Wednesday, July 16, 2008

Welcome to Richmond . . .

I was at my first candidate forum last night. (It would make no sense to call it a debate because there was very little debating going on). It was a very strange format, since all the candidates on the ballot (write-ins were not invited) from all nine city districts were sitting side by side. We were given two minutes each for an opening and closing statement and two minutes (later shortened to one minute) to answer specific questions. It went 20 opening statements, 20 answers to three questions and then 20 closing statements. I don’t know how anybody in the audience kept track of all that rhetoric and even figured out who is running against whom.

I know your curiosity must be at a fever pitch, so I will tell you the three questions we were asked. First was “have you ever worked for Richmond Public Schools and spent time in the classroom, and are you in this board race for personal gain?” Second was “what is the most important problem facing Richmond Public Schools?” Third was the question that is my personal least favorite “Do you favor charter schools?” All of us candidates, on each question, were consistently pro-change, pro-child and pro-accountability. It was all very pleasant; the only candidates raising their voices seemed to be the ones running against incumbents.

Now, let’s step back a few days. I had asked a bunch of my friends and family to help me polish up my campaign message. My son, Josh, who lives and works in the DC area and edits publications in the international bio tech industry, advised me,

This is a key point – those kids will be competing for jobs against peers from Richmond, Virginia, the East Coast, the U.S., China, India, etc. That’s the 21st Century. So they better step it up. (On an aside, once you win, you should really try to foster communication, among kids/teachers with kids/teachers in other countries to work on joint research projects remotely via the Internet. Those connections could be more valuable than anything else the school could provide).

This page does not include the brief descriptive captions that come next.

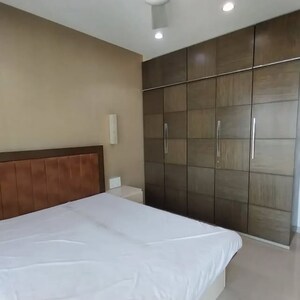Room in 3 BHK Apartment at Kandivali West – for Sale
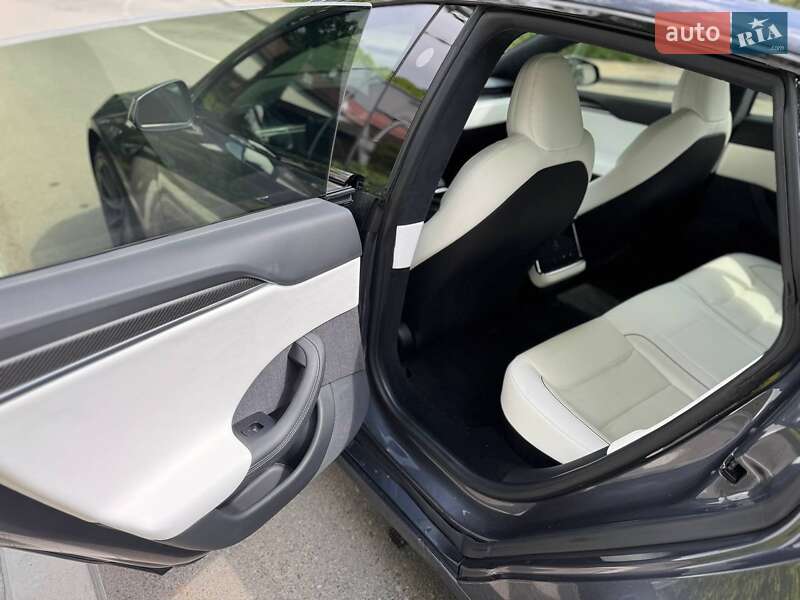 Лифтбек Tesla Model S 2021 в Киеве фото 40 Лифтбек Tesla Model S 2021 в Киеве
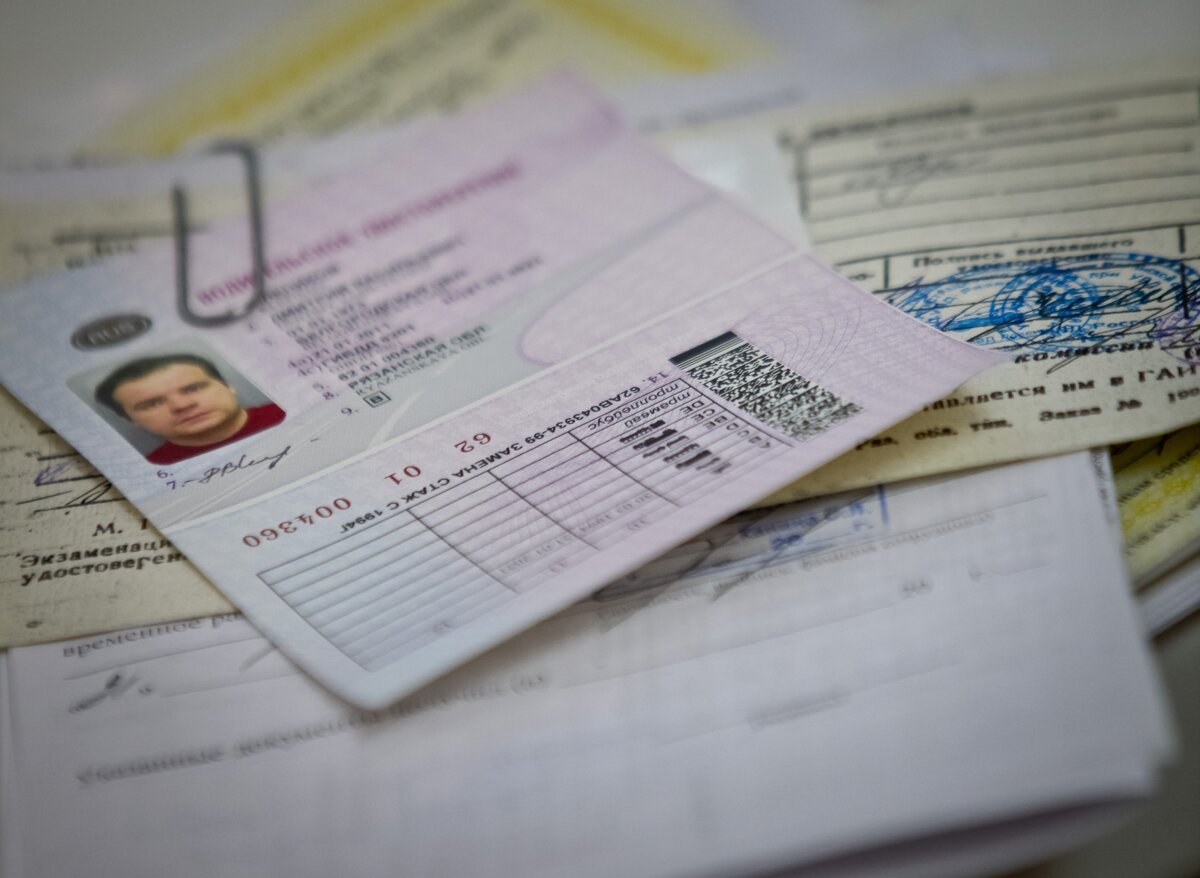 Сроки действия водительских прав в России продлили на три года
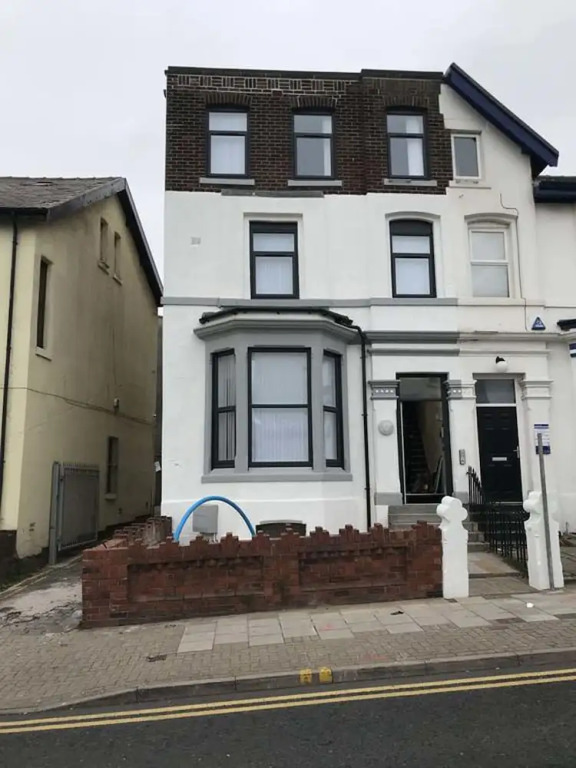 Winter Gardens Service Apartments by Blackpool Service Apartments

Hey, my Numero Uno son, what does this have to do with “are you in it for personal gain,” “what’s the biggest problem,” and “do you love charter schools”? Josh, you are talking about an issue that isn’t even a remote blip on the radar down in River City.

A friend, who is a Democratic pol up in Fairfax County and recently managed a successful campaign for county-wide office, came back with this advice,

Here's my thought: I have a grandchild. I'm concerned about her future. Education makes a difference. Our children will learn about science and math in elementary school. By the time they graduate from high school, the science they learned before will be outdated. New discoveries will replace old ideas. The pace of change is at lightning speed. Our schools must teach our children how to learn and inspire their curiosity and imagination. That's what will enable them to survive in the world just around the corner. Do our public schools do that now? Not on your life. I care about my granddaughter. You care about your grandchildren and your children. Getting by won't prepare our kids for the 21st century. I will fight to make our public schools relevant and effective for 21st century learning. They aren't now. Our kids deserve better. I'll work tirelessly for the kids, not for me.

Michael, you like Josh are raising a very significant issue. But you are missing the point—this is Richmond, USA. Here we are concerned with whether our schools are accredited. Here we are concerned about whether parents have enough school choices for their kids. Here we are concerned about high school graduation rates. Here we are concerned about whether our school administration is handling our tax dollars properly. We haven’t even begun to think about whether the SOL-based education that we give our children will prepare them for the 21st Century issues they will face as adults.

If I ran a campaign based on the issues you suggest, I fear that people around here would look at me dazed and confused. It would take me weeks just to figure out a way to explain it to them. Here we are down in Richmond, barely 125 miles from you guys, and we simply don’t have the same school issues. Our issues are all issues that other places have dealt with long ago.

But, it’s like the old joke:
A plane lands at Richmond International (we have an AirCanada flight now, so we truly are international). As the plane is taxiing to the terminal, the flight attendant announces—
“Welcome to Richmond. Be sure to set your watches back twenty five years.”

1 comment:

Anonymous said...

"We haven’t even begun to think about whether the SOL-based education that we give our children will prepare them for the 21st Century issues they will face as adults."

This is the biggest issue we face. The teaching to the multiple choice test is robbing our children of an education and not preparing them for the real world. I had a conversation with a veteran RPS teacher yesterday about the multiple choice tests -how downtown is demanding that the teachers use them over other testing measures and how the good grades our children are receiving are not reflecting what they really know or understand. I told this teacher that I feel they are lying to us and before I could even finish my sentence, the teacher said, "they are," and that my concern was, "valid."